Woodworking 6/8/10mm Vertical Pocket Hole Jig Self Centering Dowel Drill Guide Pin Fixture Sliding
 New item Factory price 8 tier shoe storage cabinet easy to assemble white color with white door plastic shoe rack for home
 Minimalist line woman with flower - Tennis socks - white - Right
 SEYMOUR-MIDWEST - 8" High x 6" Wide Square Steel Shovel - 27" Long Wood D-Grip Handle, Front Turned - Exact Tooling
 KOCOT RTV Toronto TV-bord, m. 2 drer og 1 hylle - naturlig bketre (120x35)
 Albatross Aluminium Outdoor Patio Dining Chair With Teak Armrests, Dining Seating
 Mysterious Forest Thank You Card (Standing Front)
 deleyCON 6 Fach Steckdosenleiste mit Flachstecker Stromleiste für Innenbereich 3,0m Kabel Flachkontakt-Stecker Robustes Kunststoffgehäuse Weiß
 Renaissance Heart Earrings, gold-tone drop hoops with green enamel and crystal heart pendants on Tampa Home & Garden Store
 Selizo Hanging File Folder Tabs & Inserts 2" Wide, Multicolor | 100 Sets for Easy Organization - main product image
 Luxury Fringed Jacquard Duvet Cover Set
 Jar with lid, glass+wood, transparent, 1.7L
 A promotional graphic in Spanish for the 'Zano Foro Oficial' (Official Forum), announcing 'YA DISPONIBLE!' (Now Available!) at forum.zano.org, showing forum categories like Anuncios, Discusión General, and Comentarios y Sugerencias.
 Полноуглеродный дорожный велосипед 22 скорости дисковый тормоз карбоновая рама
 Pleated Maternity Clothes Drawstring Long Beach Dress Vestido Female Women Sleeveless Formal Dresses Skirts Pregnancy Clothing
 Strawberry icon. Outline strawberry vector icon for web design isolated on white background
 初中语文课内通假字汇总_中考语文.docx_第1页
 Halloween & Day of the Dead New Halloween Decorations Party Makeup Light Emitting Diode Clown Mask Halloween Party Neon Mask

## What you are asked to do:
Where the line containing "Luxury Fringed Jacquard Duvet Cover Set" appears in the records above, begin there and print every line through the last, exactly and with nothing else.

## Your solution:
 Luxury Fringed Jacquard Duvet Cover Set
 Jar with lid, glass+wood, transparent, 1.7L
 A promotional graphic in Spanish for the 'Zano Foro Oficial' (Official Forum), announcing 'YA DISPONIBLE!' (Now Available!) at forum.zano.org, showing forum categories like Anuncios, Discusión General, and Comentarios y Sugerencias.
 Полноуглеродный дорожный велосипед 22 скорости дисковый тормоз карбоновая рама
 Pleated Maternity Clothes Drawstring Long Beach Dress Vestido Female Women Sleeveless Formal Dresses Skirts Pregnancy Clothing
 Strawberry icon. Outline strawberry vector icon for web design isolated on white background
 初中语文课内通假字汇总_中考语文.docx_第1页
 Halloween & Day of the Dead New Halloween Decorations Party Makeup Light Emitting Diode Clown Mask Halloween Party Neon Mask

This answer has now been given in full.